- _Task item_: The pictures do not belong in the copy. Restate all of the records word for word.

━━━ Available data

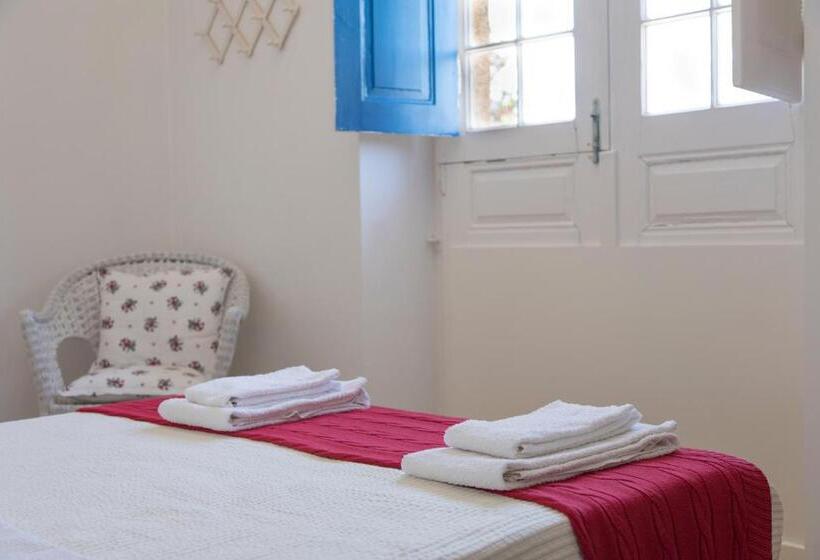 خانه 1 خوابه, Pensão Destino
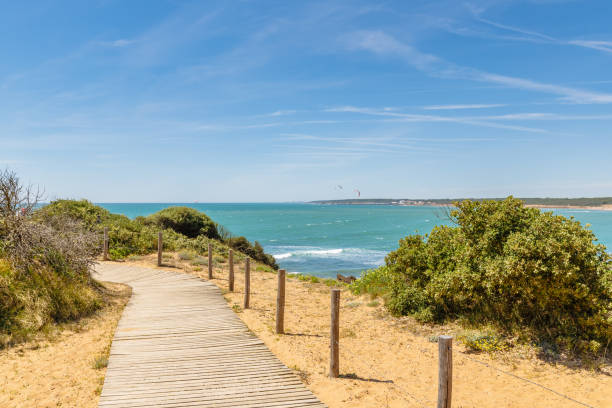 view of pointe du payre beach, jard sur mer, france - vendee photos et images de collection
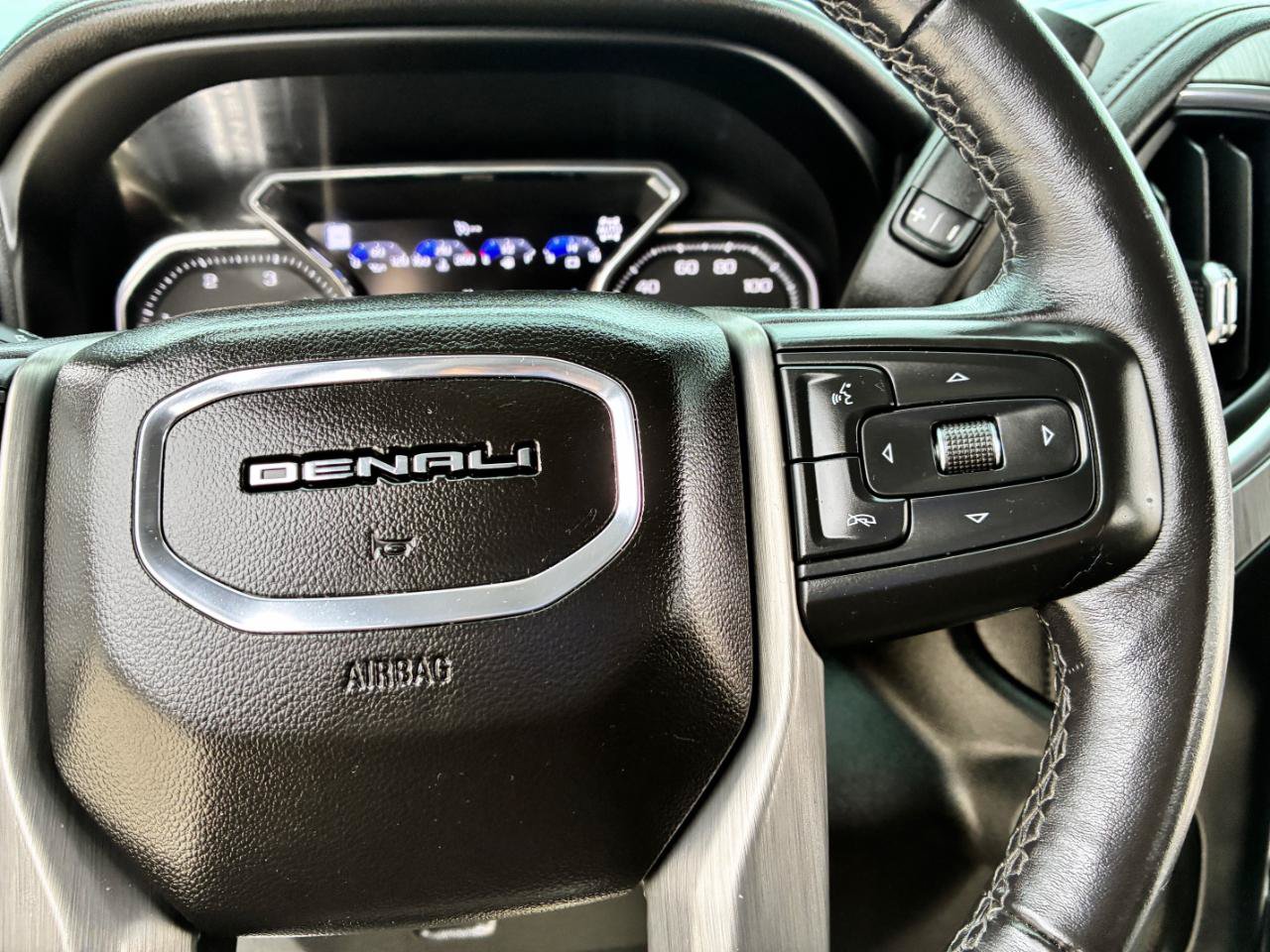 Used 2023 GMC Sierra 2500 Denali w/ Denali Ultimate Package AWD/4WD image 27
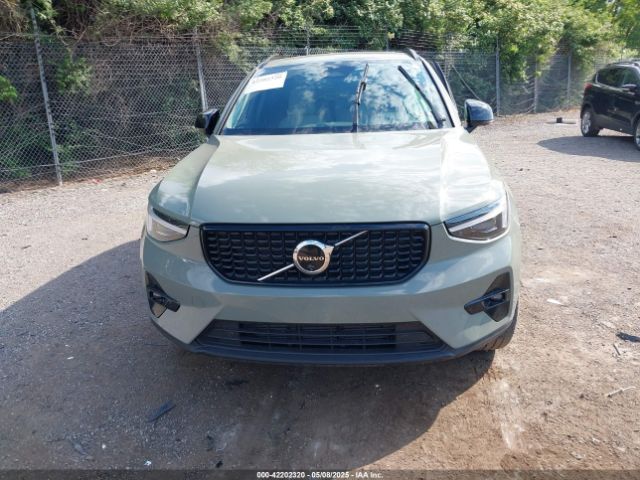 YV4L12UM0R2310523 Volvo Xc40 B5 Ultimate Dark Theme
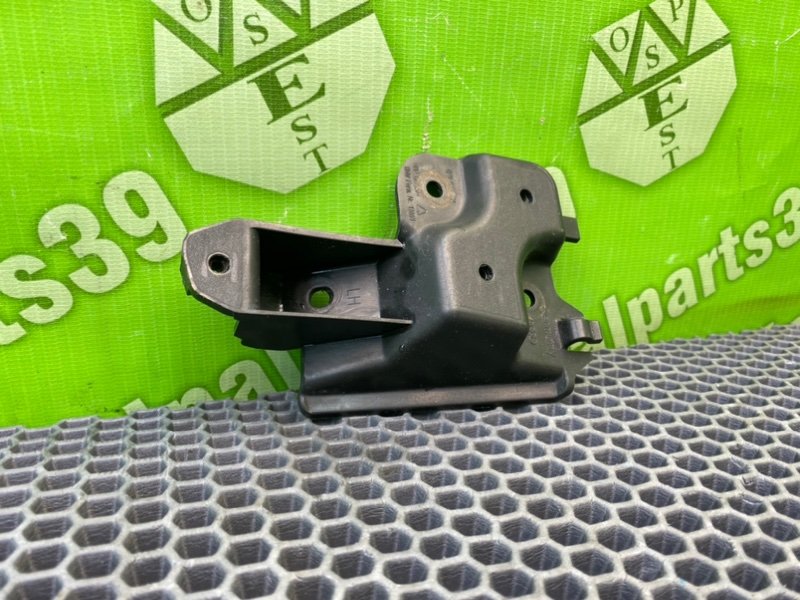 Кронштейн бампера, 600 рублей, Калининград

━━━━━━

- _Written response_:
 خانه 1 خوابه, Pensão Destino
 view of pointe du payre beach, jard sur mer, france - vendee photos et images de collection
 Used 2023 GMC Sierra 2500 Denali w/ Denali Ultimate Package AWD/4WD image 27
 YV4L12UM0R2310523 Volvo Xc40 B5 Ultimate Dark Theme
 Кронштейн бампера, 600 рублей, Калининград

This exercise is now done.